С предложенным А. И. Соболевским палеографическим обоснованием рассматриваемой перестановки фактически согласились П. Л. Маштаков, В. Н. Перетц, Н. К. Гудзий, В. П. Адрианова-Перетц, которая сделала важное дополнение о том, что гипотеза Соболевского подтверждается "Задонщиной". Судя по тексту, ее составитель обращался к такому тексту "Слова", который "содержал тот логический порядок эпизодов, который был нарушен при дальнейшем бытовании рукописи", и, следовательно, в конце XIV века "Слово" "было известно еще без нарушения плана изложения".

Это заключение Адриановой-Перетц явилось важнейшим аргументом в спорах со скептиками о древнем происхождении "Слова". Контраргументом скептиков могло стать, в свою очередь, следующее умозаключение: Все так и было, как утверждает В. П. Адрианова-Перетц, но только с точностью до наоборот. Если протографом "Слова" была "Задонщина, то Аноним, следуя ее тексту, сохранил "…логический порядок эпизодов, который был нарушен…" последующими переписчиками.
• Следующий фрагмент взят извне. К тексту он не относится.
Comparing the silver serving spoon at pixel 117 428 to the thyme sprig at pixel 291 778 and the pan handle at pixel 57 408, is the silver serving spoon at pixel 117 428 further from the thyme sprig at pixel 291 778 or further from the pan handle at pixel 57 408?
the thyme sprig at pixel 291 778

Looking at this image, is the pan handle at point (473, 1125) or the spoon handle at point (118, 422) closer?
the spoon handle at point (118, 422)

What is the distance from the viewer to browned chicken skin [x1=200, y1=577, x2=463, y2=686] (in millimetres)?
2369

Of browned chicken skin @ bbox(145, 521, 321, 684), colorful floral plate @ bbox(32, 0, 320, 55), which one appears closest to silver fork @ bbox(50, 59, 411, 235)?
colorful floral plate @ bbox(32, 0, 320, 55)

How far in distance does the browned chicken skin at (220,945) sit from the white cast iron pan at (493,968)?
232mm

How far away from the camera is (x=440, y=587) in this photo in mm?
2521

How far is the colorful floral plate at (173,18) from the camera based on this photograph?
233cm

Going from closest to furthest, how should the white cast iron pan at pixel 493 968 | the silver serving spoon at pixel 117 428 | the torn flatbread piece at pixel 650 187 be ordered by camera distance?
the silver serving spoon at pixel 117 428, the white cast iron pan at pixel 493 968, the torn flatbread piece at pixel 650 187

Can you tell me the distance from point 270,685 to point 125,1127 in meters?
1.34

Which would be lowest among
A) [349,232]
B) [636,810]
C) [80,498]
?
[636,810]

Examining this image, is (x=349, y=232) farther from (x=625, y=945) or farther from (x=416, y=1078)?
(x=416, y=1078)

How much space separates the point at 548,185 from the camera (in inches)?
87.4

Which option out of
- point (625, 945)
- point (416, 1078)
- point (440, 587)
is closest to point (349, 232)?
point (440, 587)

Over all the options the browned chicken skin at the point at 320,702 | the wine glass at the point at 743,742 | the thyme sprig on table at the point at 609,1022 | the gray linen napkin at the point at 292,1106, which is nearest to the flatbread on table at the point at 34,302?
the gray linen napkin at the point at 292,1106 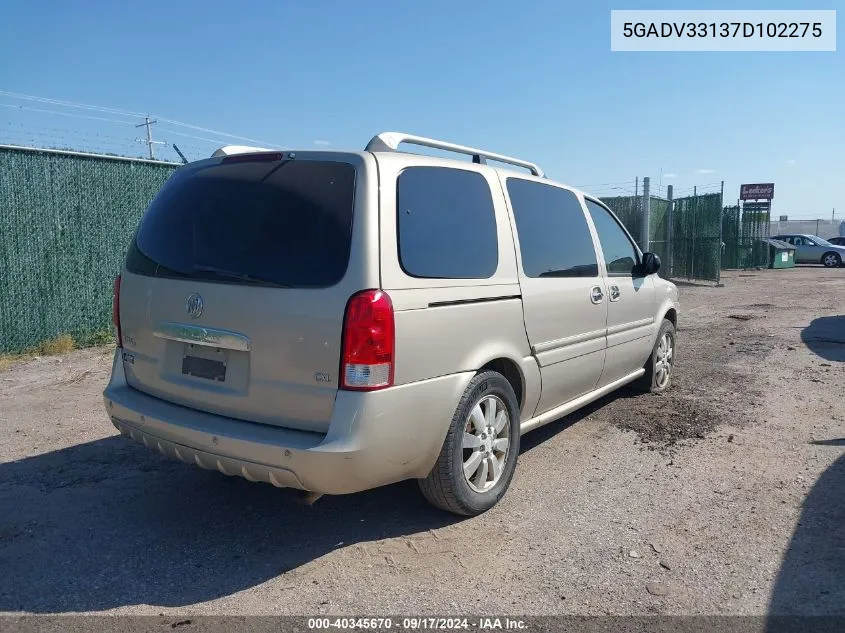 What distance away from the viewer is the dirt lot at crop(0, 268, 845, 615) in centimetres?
302

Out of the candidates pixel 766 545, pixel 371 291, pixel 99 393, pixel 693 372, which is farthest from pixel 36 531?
pixel 693 372

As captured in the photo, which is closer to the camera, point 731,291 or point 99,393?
point 99,393

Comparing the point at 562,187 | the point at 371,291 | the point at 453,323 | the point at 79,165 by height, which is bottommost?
the point at 453,323

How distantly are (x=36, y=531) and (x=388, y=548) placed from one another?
1.89 metres

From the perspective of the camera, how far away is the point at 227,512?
3.87m

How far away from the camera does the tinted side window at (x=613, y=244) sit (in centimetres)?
533

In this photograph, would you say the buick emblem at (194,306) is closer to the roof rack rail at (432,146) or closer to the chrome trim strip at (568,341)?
the roof rack rail at (432,146)

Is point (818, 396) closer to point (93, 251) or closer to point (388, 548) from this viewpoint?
point (388, 548)

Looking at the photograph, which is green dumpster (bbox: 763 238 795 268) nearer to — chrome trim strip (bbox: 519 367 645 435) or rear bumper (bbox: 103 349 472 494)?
chrome trim strip (bbox: 519 367 645 435)

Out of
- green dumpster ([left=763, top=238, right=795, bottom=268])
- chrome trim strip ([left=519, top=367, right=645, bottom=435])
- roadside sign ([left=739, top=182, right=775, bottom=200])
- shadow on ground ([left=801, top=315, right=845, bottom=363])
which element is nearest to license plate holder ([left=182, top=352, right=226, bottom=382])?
chrome trim strip ([left=519, top=367, right=645, bottom=435])

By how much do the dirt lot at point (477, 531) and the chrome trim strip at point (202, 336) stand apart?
1045mm

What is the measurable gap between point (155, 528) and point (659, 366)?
4.68 metres

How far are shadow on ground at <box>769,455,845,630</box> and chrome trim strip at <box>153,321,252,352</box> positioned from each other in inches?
103

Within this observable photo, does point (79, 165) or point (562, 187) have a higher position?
point (79, 165) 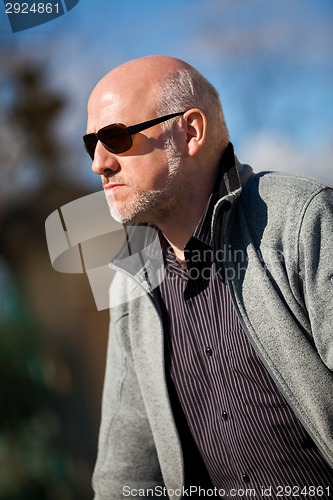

Зачем "последующим переписчикам", а вернее стилизаторам "Слова" под древность, вносить в текст эту, а также другие перестановки, о коих речь впереди? А все за тем же – имитировать действие мнимых переписчиков XIV века, которые якобы и внесли совершенно случайно эти перестановки, а также иные искажения текста, о чем уже выше говорилось.

В последующем версию о природе перестановки строф в "Зачине" "Слова" с определенными дополнениями и уточнениями приняли в своих переводах и переложениях "Слова", кроме В. Н. Перетца (1926 год), Н. К. Гудзий (1955 год), И. П. Еремин (1957 год) и Л. А. Творогов (1980 год), который наряду с академиком Б. А. Рыбаковым (как ранее А. А. Потебня) считал, что текст "Слова" подвергся последующим изменениям по чисто механическим причинам. Исходным пунктом для них представляется допущение А. И. Соболевского и его сторонников, согласно которому оторвавшийся лист в ветхом экземпляре памятника попал не на свое место и в этой ошибочной последовательности был переписан.

Л. А. Творогов согласился не только с реконструкцией "Зачина" повести, предложенной Соболевским по схеме: "Не лѣпо ли ны бяшеть… на землю Половецкую за землю Руськую"; "О Бояне, соловію старого времени!… а князю славѣ"; "Тогда Игорь възрѣ на свѣтлое солнце… а любо испити шеломомь Дону… Тогда въступи Игорь князь въ златъ стремень… Игорь къ Дону вои ведетъ!", но продвинулся с перестановками по тексту "Слова" далее, восстанавливая на свое место перепутанные кем-то строфы.